Changes caused by ingestion of MGN-3

Interferon is thought to have strong adverse effects such as chills, anorexia and fever but the patient did not have serious adverse effects.

Evaluation of MGN-3

The action of MGN-3 to enhance immunopotency and protect the liver increased the effectiveness of interferon and resulted in complete recovery from C type virus hepatitis without major adverse effects.


 No. 47  Articular rheumatism  Facility/S Clinic  
 Patient's name/S. S   AGE/25 years   SEX/Female   AREA/Kagoshima Prefecture
History of past diseases and treatments

The patient felt chills in her limbs in early July 1997. She attributed her chills to air conditioning and took care not to overcool herself. Nevertheless, her limbs remained so cold as to become numb and she never regained warmth. Meanwhile, her limbs began to swell and her joints suddenly began to ache. In August, she visited this clinic for examination because she became unable to get to sleep due to worsening pain. She was diagnosed with articular rheumatism. In addition to analgesics, electrothermotherapy and herbal medicine, she was given MGN-3 in increasing doses starting from 1 g daily for the first 1 week to 2 g to 3 g. She was put on a restricted diet that contained lower calories and less animal proteins and more vegetables. The pain ameliorated in 1 week and she could use analgesics in lower doses. After 1 month, swellings in her limbs and face disappeared and joint pain began to subside. After 3 months, she felt much less pain and was able to sleep soundly. In March 1998, the pain almost disappeared and she recovered free movement of her middle fingers, which were painful to bend.
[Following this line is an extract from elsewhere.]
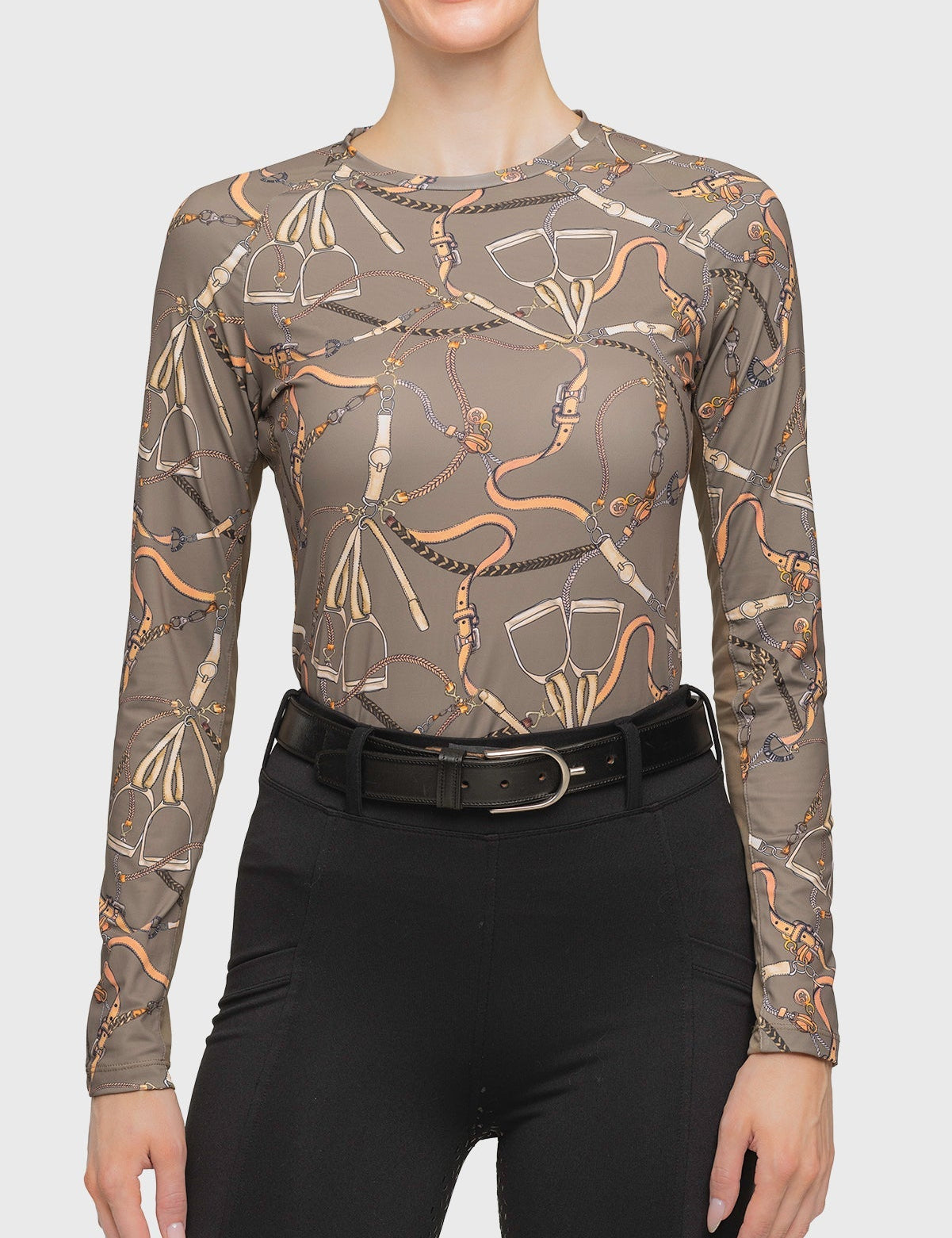 Kastel Denmark Long Sleeve Taupe Belts Crewneck - Kastel Denmark - Equiluxe Tack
Changes caused by ingestion of MGN-3

Three days after start of treatment with MGN-3, chills in upper and lower limbs began to improve and she felt more warmth and less pain.

Evaluation of MGN-3

The action of MGN-3 to normalize immunity improved symptoms of articular rheumatism, which is an autoimmune disease.


 No. 48  Diabetes (NIDDM), asthma  Facility/I Clinic  
 Patient's name/K. N   AGE/66 years   SEX/Male   AREA/Hyogo Prefecture
History of past diseases and treatments

In June 1993, the patient had to get up a number of times during the night for urination and had to drink water frequently to satisfy thirst. He visited a hospital for examination and was diagnosed with diabetes. The blood sugar level was 320 mg/dl. In September, he was hospitalized and began to receive treatment. His blood sugar level did not decrease until March 1994 and he was discharged because he developed hepatopathy, a possible complication, and recovery was delayed. He continued treatment with insulin injections by hospital visit but fatigue did not disappear. He also had occasional attacks of asthma and felt worse. At this time point, he began taking MGN-3 3 g daily. In May, 2 months after start of ingestion of MGN-3, the blood sugar level decreased to 110 mg/dl and insulin was no longer necessary. Symptoms of asthma also began to improve and he had no attack of asthma from the autumn of 1994 to the spring of 1995. He is now feeling better and working everyday. He still takes MGN-3 1 g daily to maintain health.

Changes caused by ingestion of MGN-3

Seven days after start of ingestion of MGN-3, malaise began to subside and the patient had a comfortable awakening. Symptoms of asthma also ameliorated and the sense of incongruity in the throat disappeared.

Evaluation of MGN-3

Treatment with MGN-3 that has the ability to improve sugar metabolism and normalize immunity led to an improvement in constitution and hence improvements in diabetes and asthma.


 No. 49  Breast cancer and metastases in the brain and lung  
       Facility/
S Surgery  
 Patient's name/S. K   AGE/63 years   SEX/Female   AREA/Toyama Prefecture
History of past diseases and treatments

On January 15, 1999, the patient presented with severe headache and numbness in the right limbs at a nearby hospital and was diagnosed with common cold. Her general condition worsened and the right half of her body was paralyzed in late January. She underwent examination at the brain surgery department of another hospital and was found to have a brain tumor. Lung cancer and metastases in lymph nodes were also discovered and the patient was told she had only 3 months to live. She had undergone surgery for breast cancer in 1989 so these diseases were considered recurrences or metastases. She refused the chemotherapy recommended by the hospital and was admitted to S Surgery, which provided complementary medicine incorporating dietary, psychological and immune therapies. She was given MGN-3 3 g daily as part of immunotherapy to activate NK cells. The activity of NK cells increased to 52.6% 3 months after start of treatment and all the tumors began shrinking. It is now 1 year and 6 months since she was told she had only 3 months to live and she continues treatment with dietary therapy, qigong and MGN-3 3 g daily and is living a normal life.

Changes caused by ingestion of MGN-3

Ten days after start of treatment with MGN-3, the patient began to recover appetite and her headache began to fade. She became able to sleep soundly, felt physical strength improve and felt more optimistic about here life.

Evaluation of MGN-3

MGN-3 seems to be playing a leading role as an immunopotentiator in complementary medicine. The high level of activity of NK cells indicates sufficient physical strength to resist cancer. The patient is expected to maintain coexistence with cancer until she fully recovers.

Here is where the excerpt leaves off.